Hem de o ciğerleriniz en çok oksijene ihtiyaç duyduğu anda
Bu yüzden 10 saniye sonra neden gözlerim karardı ve hastanede gözlerimi açtım dememek için eksoz gazından zengin, döküntü kamyonlara yaklaşmayın bile.
*Deryaline gireceğiniz kamyonun yükünün cinsi önemlidir. Eğer saman, kum vb uçuşabilen yükü olan bir kamyona yaklaşırsanız yol boyunca saman, kum, toprak veya yükü her ne ise vücudunuzda girmedik delik bırakmayacaktır.Zaten 10 saniye sonra gözlerinize dolan tozdan gözünüzü açamazsınız.Aracın yükünün cinsi bu yüzden önemli.
*Aracın istihap haddini geçip geçmediğine bakın. Eğer ki kamyonun dorsesinin de 2 katı yükseklikte ve görüntü itibariyle istihap haddini geçmiş bir kamyona takılırsanız, o yükün altında kalabilirsiniz.
*Tutunma noktalarına dikkat edin. Uygun aracı buldunuz diyelim, deryalde sürecek gücünüz de fazla değil.Ne yapacaksınız? Uygun bir yere tutunacaksınız.Peki neresine?

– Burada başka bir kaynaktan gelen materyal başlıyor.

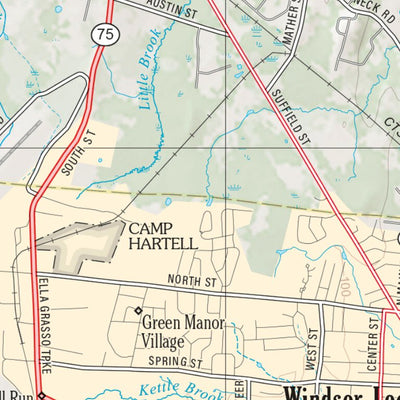 Connecticut/Rhode Island Atlas & Gazetteer - Page 20 Preview 2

Dorsenin arkasında bazen kısa, kalın halatlar olabiliyor, sağlamlığını denedikten sonra bu halat olabilir.Fakat halat gibi cisimler, sabit nesneler olmadığı için, kamyon frene bastığında direk dorseye gömmemek için araçla mesafenizi koruyun.
Tutunma işi, kolu uzun olanlar için daha kolay, dorsenin kapağında sabit çengeller oluyor, o çengele bir veya iki parmağınızı taktığınızda işte size sabit bir tutacak.Kolunuzu da sıkı tutup da frenlerde tampon görevi gördürürseniz dorseye çarpmadan siz de yavaşlayabilirsiniz.

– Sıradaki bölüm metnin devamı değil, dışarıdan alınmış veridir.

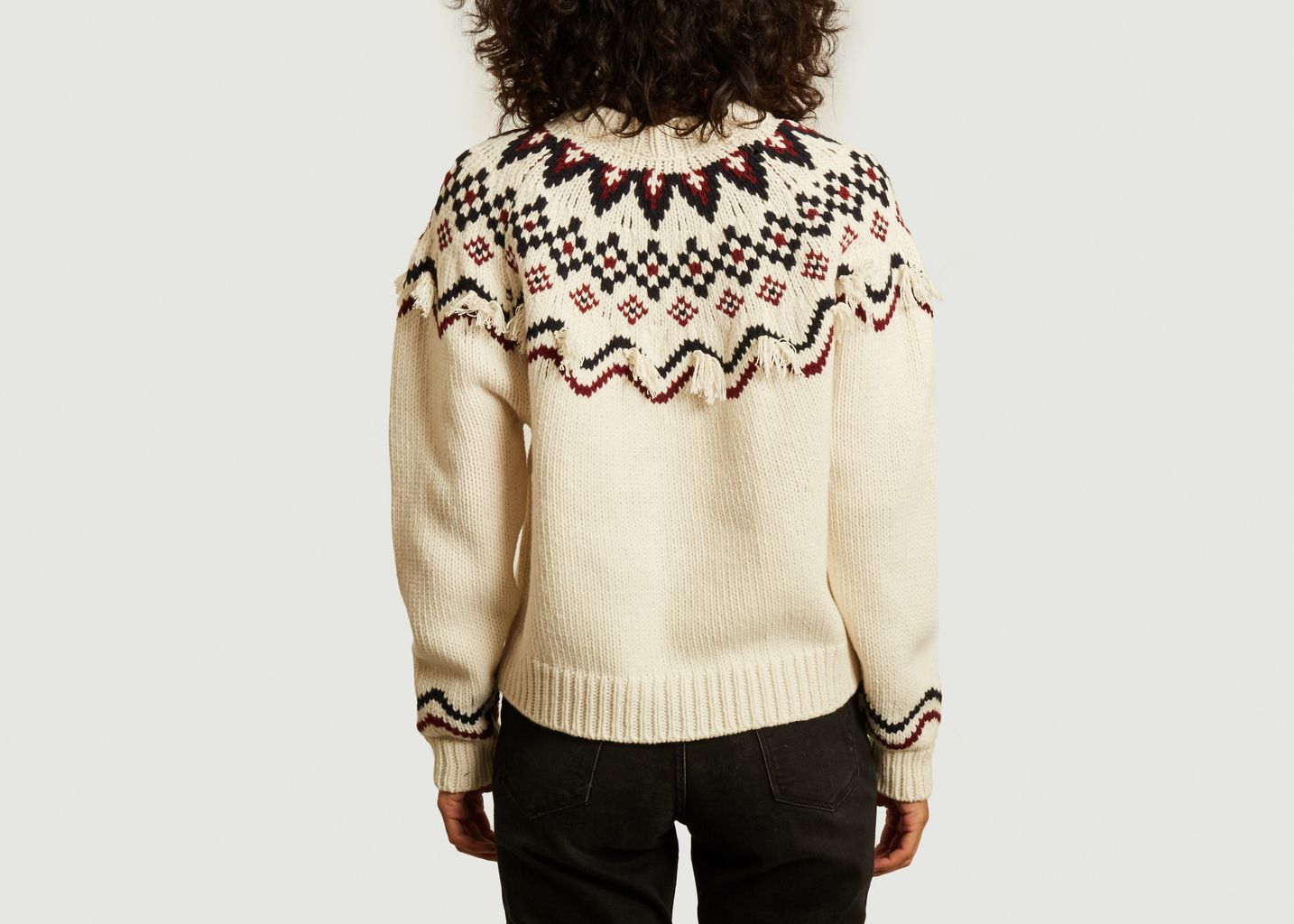 Pull Fairisle - Maison Labiche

*Tutunurken duruş şekli Ben solak olduğum için her zaman sol elimle tutunurum.Bu zaten şansıma sağlıklı olanı.Çünkü bisikletlerimizin ön freni sol tarafta.Yani sol elimle tutunurken, sağ elim gidonda ve sağ tarafta, arka fren kolunda, frene hazır durumda.Sol elle tutunurken, bisikletin dengesi için sağ pedalınız aşağıda olmalıdır.Çünkü sol kolunuz bisikletten uzakta ve bisikletinizi sol tarafa açısını değiştiriyor.Sağ ayağınızı da aşağıda tutarak dengeyi merkeze çekmiş oluyorsunuz.Bu sayede önümüze aniden çıkabilecek olası çukur, köpek ölüsü gibi denge bozucu etkenlere karşı en üst düzeyde dengeli kalıyoruz.Ama güvenli anlarda arada pedalı çevirip sol ayağı da aşağı alıp, pozisyon değiştirerek dinlenebilirsiniz.
*Tutunma maksimum hızı Bugüne kadar geçirdiğim kaza ve düşüşler sonucunda tutunmadaki hız limitini 50km olarak karar verdim.Bu kimseye tavsiye değildir.Kalkıp da onca verdiğim ipucunu okumadan sadece bu maddedeki 50km limitini deneyerek düşüp de bir tarafını kıran olursa tabi ki sorumluluk almak istemem.
50km hızla düştüğümüzde, kafamızda kask varsa, arkamızdaki aracın altında kalmak dışında ölüm riski düşüktür.Tekrarlıyorum, tüm bu ipuçlarını uygulamadan denemeyin bile.Kimseye tavsiye etmiyorum.Tek bir maddemi okuyup da, tek başına yargıda bulunursanız tabiki sağlıklı gelmez ve riskli gelir, fakat hepsini yerine getirdiğinizde risk minimum düzeyde olacaktır.
*Gece deryale girmeyin, tutunmadan bahsetmiyorum bile !
Bildiğiniz yoldasınız diyelim, tüm önlemleri de aldınız, risksiz bir kamyon da buldunuz, ama tutunmayı bırakın, deryale bile girmeyi unutun.
Geceleri görünür olmak çok önemlidir.Işıklarınız yetersiz olacaktır.Ayrıca yolun kenarından aniden çıkacak gece bekçilerimiz köpekler yüzünden korkup düşmeniz de muhtemeldir.